Questa isteria scatta quasi in automatico quando un arabo fa un passo falso e non si comporta come si deve.
La
guerra d’Algeria non è finita. Il dossier resta aperto e trasuda ancora
di nauseabondi sentori di odio, e questo da entrambe le parti. Il fatto
che Macron abbia riconosciuto la responsabilità dell’esercito francese
per la tortura e la morte del giovane militante comunista Maurice Audin
nel giugno 1957 è un passo importante nel processo di riconciliazione
della memoria algerino-francese. Ma non è abbastanza. A oltre
sessant’anni dalla fine della guerra, il risentimento e l’odio tra
francesi e algerini non si sono ancora sopiti.
Un serio problema
In
effetti chi preoccupa la Francia e l’Italia non sono gli immigrati che
sono arrivati negli Anni 60 e ’70 spinti dal bisogno, no, sono i bambini
nati in questo Paese dopo la decisione di Giscard D’Estaing di
concedere il ricongiungimento familiare nel 1975. In un dibattito
sull’insegnamento dell’arabo nelle scuole medie e superiori un
giornalista molto a destra ha imputato a Giscard la responsabilità di
ciò che sta accadendo oggi in Francia (cito a memoria): è lui che ha
aperto i confini a centinaia di migliaia di famiglie. Da allora, la
Francia ha un serio problema con gli arabi!
Le carceri francesi
sono occupate per oltre il 60% da giovani francesi di origine
maghrebina. Sono lì per reati minori. Questo riassume la questione. Con
una disoccupazione di oltre il 40% nelle cosiddette aree difficili, la
delinquenza e l’inciviltà si moltiplicano. Alcuni si comportano male, ma
cosa fa o cosa ha fatto il governo francese per questi francesi di
seconda classe? Il giornalista Eric Zemmour, che nei suoi libri sostiene
esserci una razza bianca e una razza nera, ha dichiarato con orgoglio
in tv: «Sono meno francesi del resto della popolazione». È detto tutto.

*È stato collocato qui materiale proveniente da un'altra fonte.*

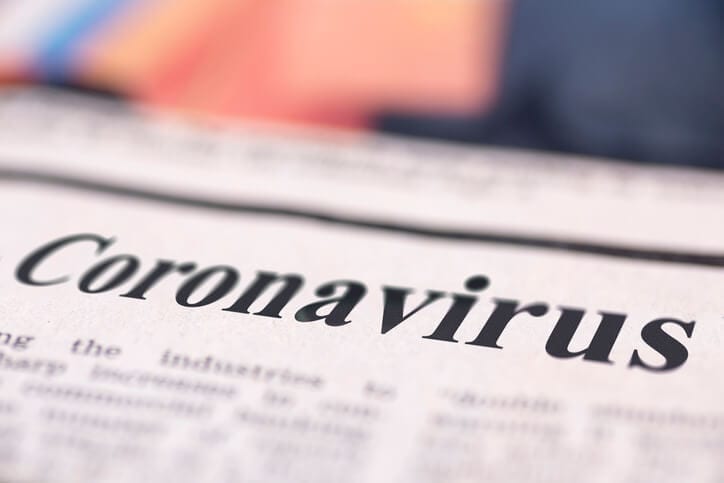 A newspaper with the headline Coronavirus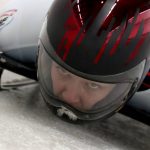 
              FILE - Kim Meylemans, of Belgium, starts during the women's skeleton race at the Bobsleigh and Skeleton World Championships in Altenberg, Germany, Feb. 11, 2021. Meylemans was permitted to enter one of the Olympic villages early Thursday, Feb. 3, 2022, a move that came hours after she tearfully turned to social media and detailed how upset she was about being in isolation over virus concerns. Meylemans tested positive for COVID-19 upon her arrival at the Beijing Olympics, which meant she had to enter isolation and return several negative tests before being cleared to move into the Yanqing Olympic Village. (AP Photo/Matthias Schrader, File)
            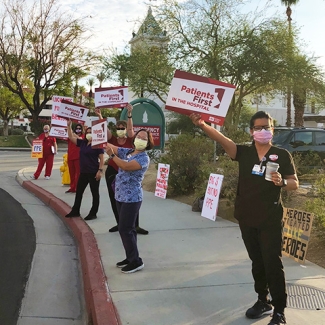 Nurses outside hospital hold signs "Patients First"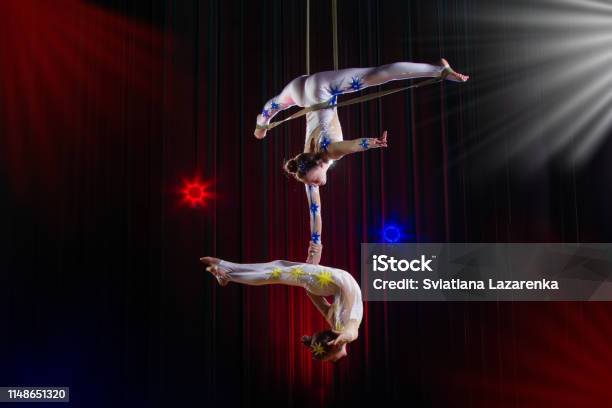 Actuación De Actriz De Circo Acróbata Dos Chicas Realizan Elementos Acrobáticos En El Aire Foto de stock y más banco de imágenes de Circo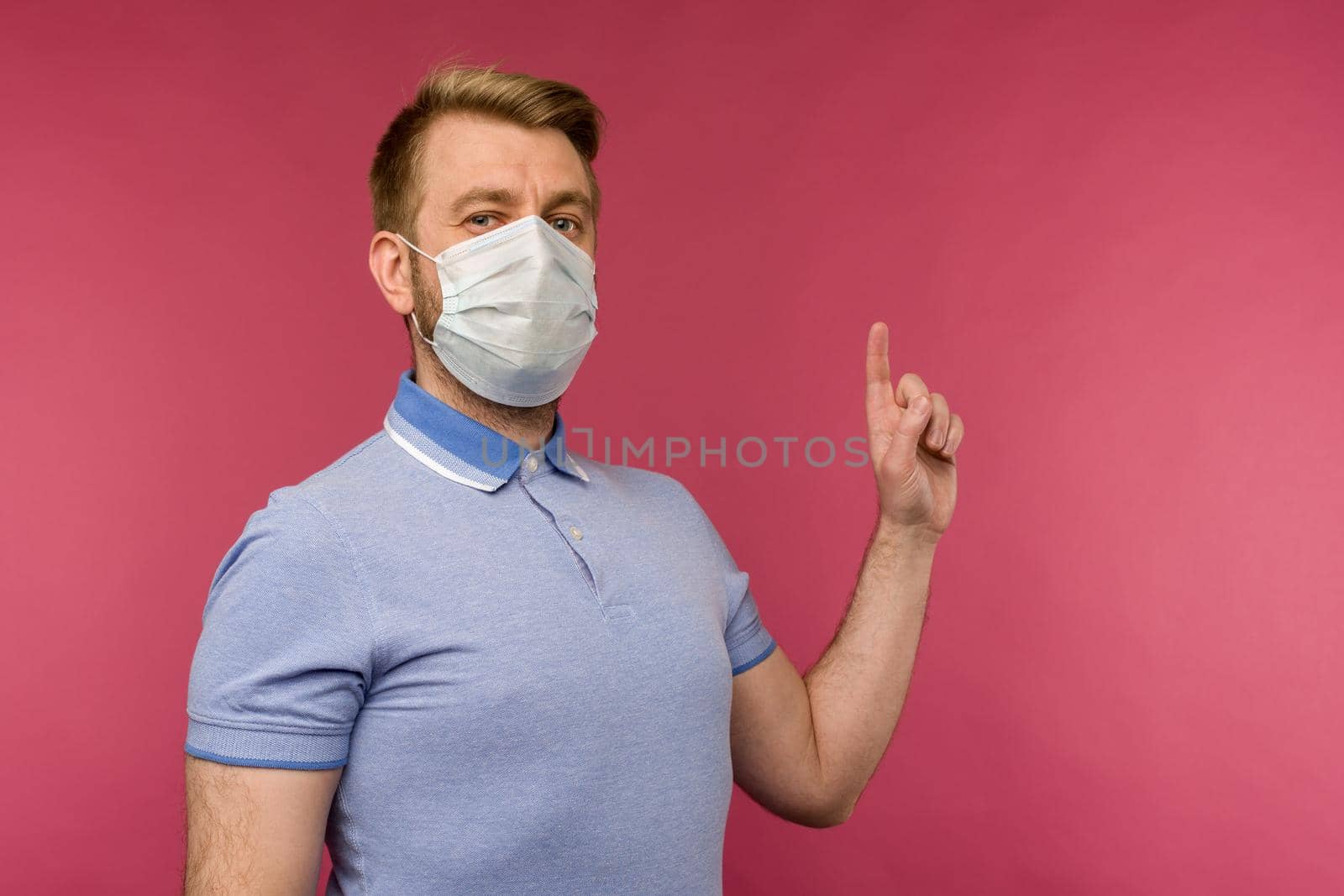 Protection against contagious disease, coronavirus. Man wearing hygienic mask to prevent infection, airborne respiratory illness such as flu, 2019-nCoV. indoor studio shot isolated on red background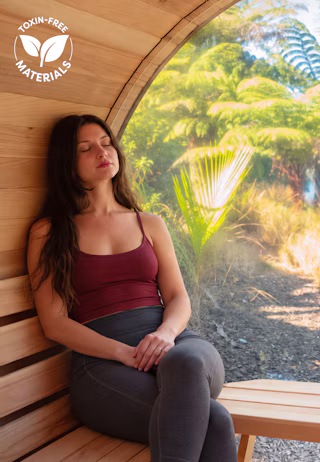A woman relaxes with eyes closed on a wooden bench in a curved wooden room, with sunlight streaming through a large window and a "Toxin-Free Materials" logo in the corner.
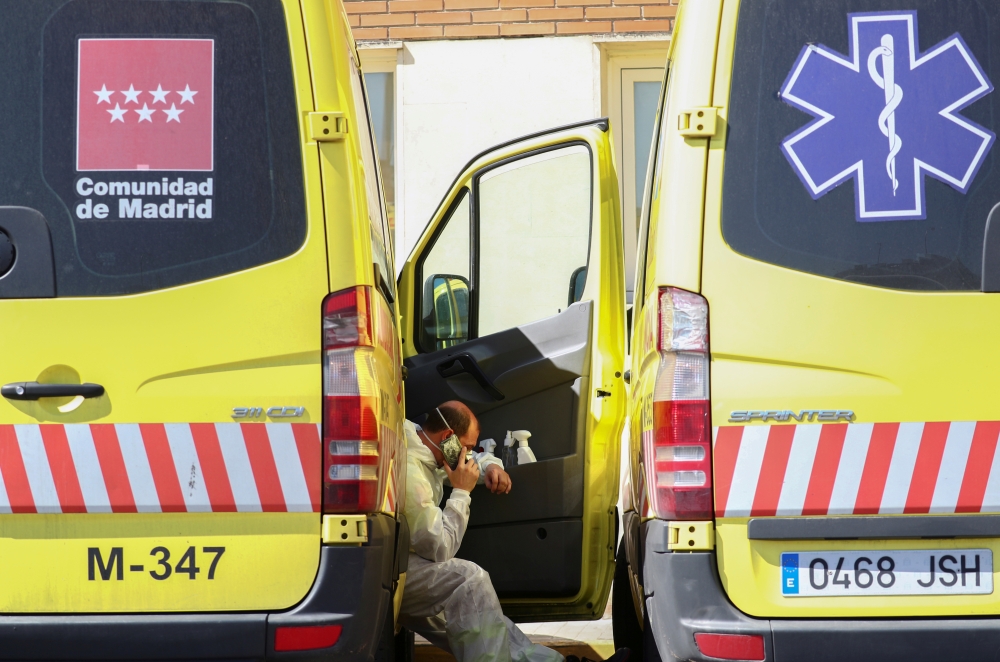 An ambulance driver wearing a protective face mask and suit takes a break near the emergency unit at 12 de Octubre hospital during the coronavirus disease (COVID-19) outbreak in Madrid, Spain March 28, 2020. REUTERS/Sergio Perez 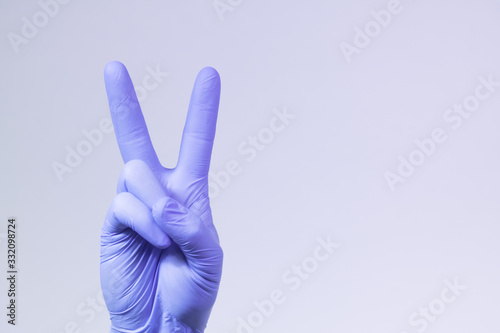 V sign is showed by right man hand in a purple medical glove on a white background. The symbol of Victory. Victory over a virus.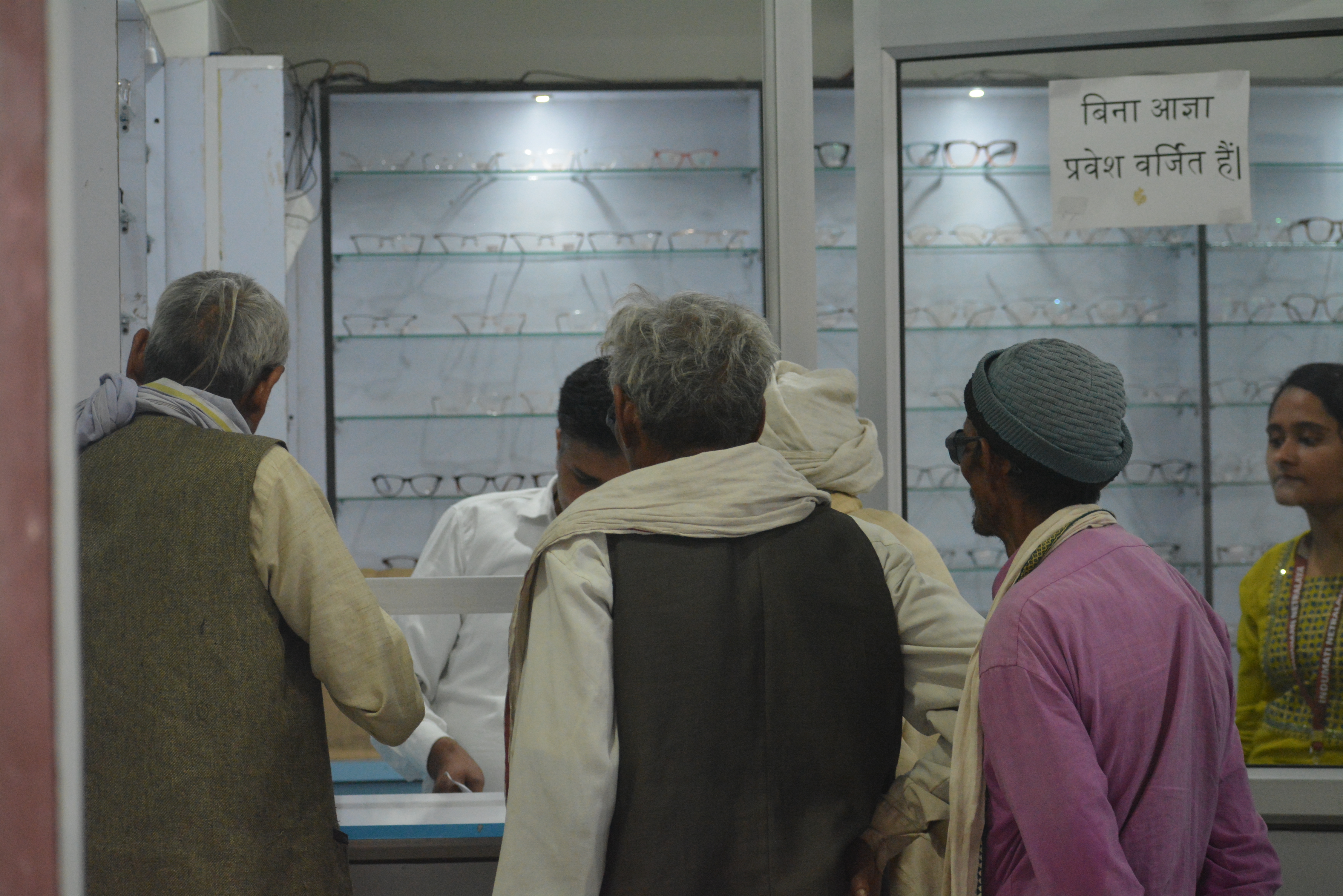 Patients selecting spectacle frames at Indumati Netralaya optical store, Prayagraj — affordable eyewear for rural patients
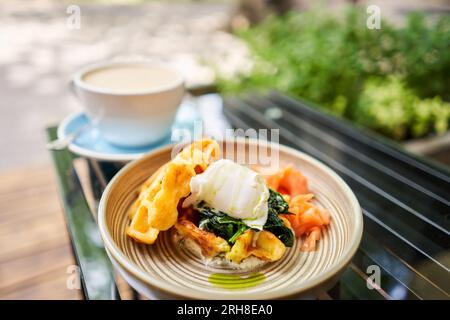 Potato waffles, Poached egg, avocado cream with salmon and egg . Healthy breakfast, protein. Restaurant dish.  Stock Photo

Quando si è «meno» non si può fare di «più» o «meglio».
Per quanto
riguarda la proposta di Blanquer, chi la rifiuta è accecato e
ossessionato dal rifiuto di tutto ciò che è arabo e musulmano. C’è una
specie di allergia endemica, spiegata dalla storia, ma anche dalle
vecchie tradizioni di banale e quotidiano razzismo. È impossibile
prendere in considerazione l’aspetto positivo di una tale proposta.
L’apprendimento di una lingua è confuso in queste menti con la paura del
jihadismo e del terrorismo. È strano e patetico.
Ecco perché
l’introduzione dell’arabo come lingua facoltativa nelle scuole ha
suscitato un’isteria incomprensibile. È facile immaginare che l’Italia
di Matteo Salvini o l’Ungheria di Viktor Orban reagirebbero con la
stessa violenza e cecità di fronte a un’analoga proposta.